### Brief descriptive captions
********************

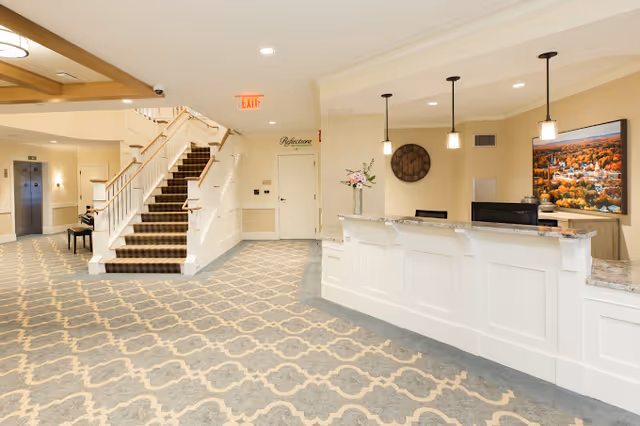 Interior view of a senior living facility lobby featuring a white reception desk with pendant lights above, a large wall clock, a framed landscape picture, a staircase with carpeted steps and wooden handrails, an elevator, and patterned carpet flooring.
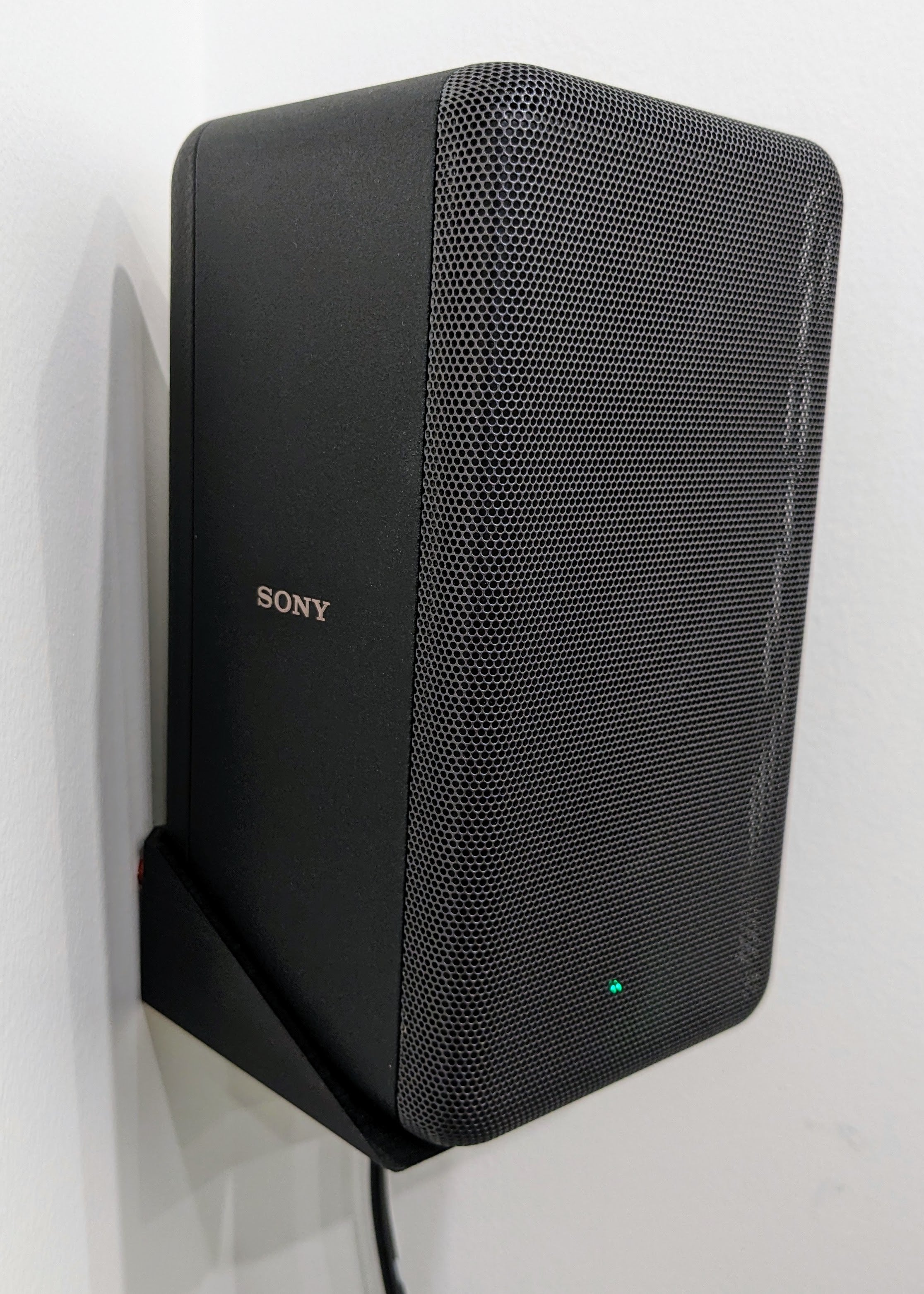 Support mural pour haut-parleur arrière Sony SA-RS3S - Positionnement optimal dans les coins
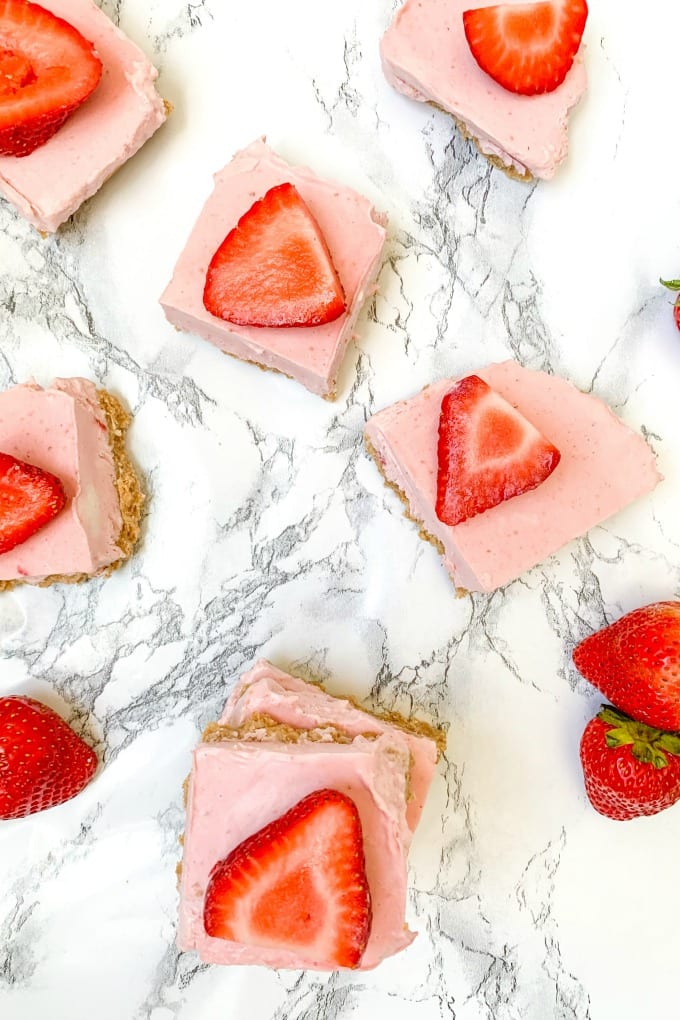 Sliced no bake strawberry cheesecake bars on a marble counter top.
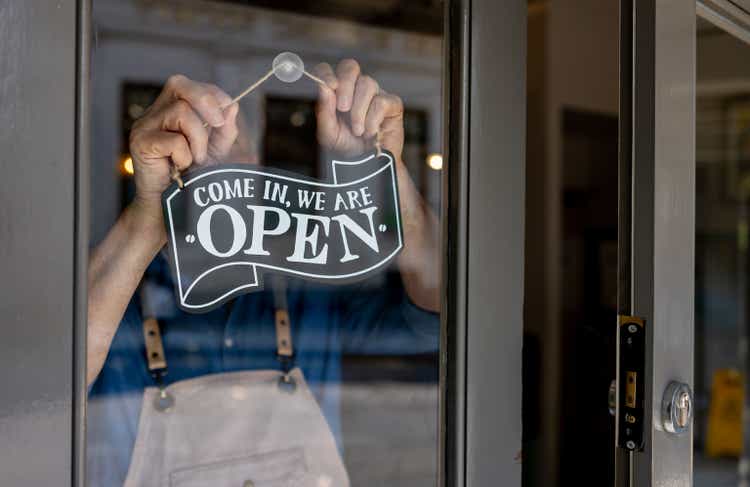 A business owner hangs an open sign on the restaurant door and closes it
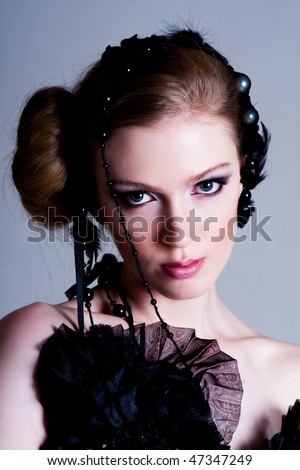 Attractive young woman wearing black feather and pearl hair dressings. Vertical shot.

********************

### Task statement
Set all of the records down once more, letter for letter, with the images removed.

### Written solution
 Interior view of a senior living facility lobby featuring a white reception desk with pendant lights above, a large wall clock, a framed landscape picture, a staircase with carpeted steps and wooden handrails, an elevator, and patterned carpet flooring.
 Support mural pour haut-parleur arrière Sony SA-RS3S - Positionnement optimal dans les coins
 Sliced no bake strawberry cheesecake bars on a marble counter top.
 A business owner hangs an open sign on the restaurant door and closes it
 Attractive young woman wearing black feather and pearl hair dressings. Vertical shot.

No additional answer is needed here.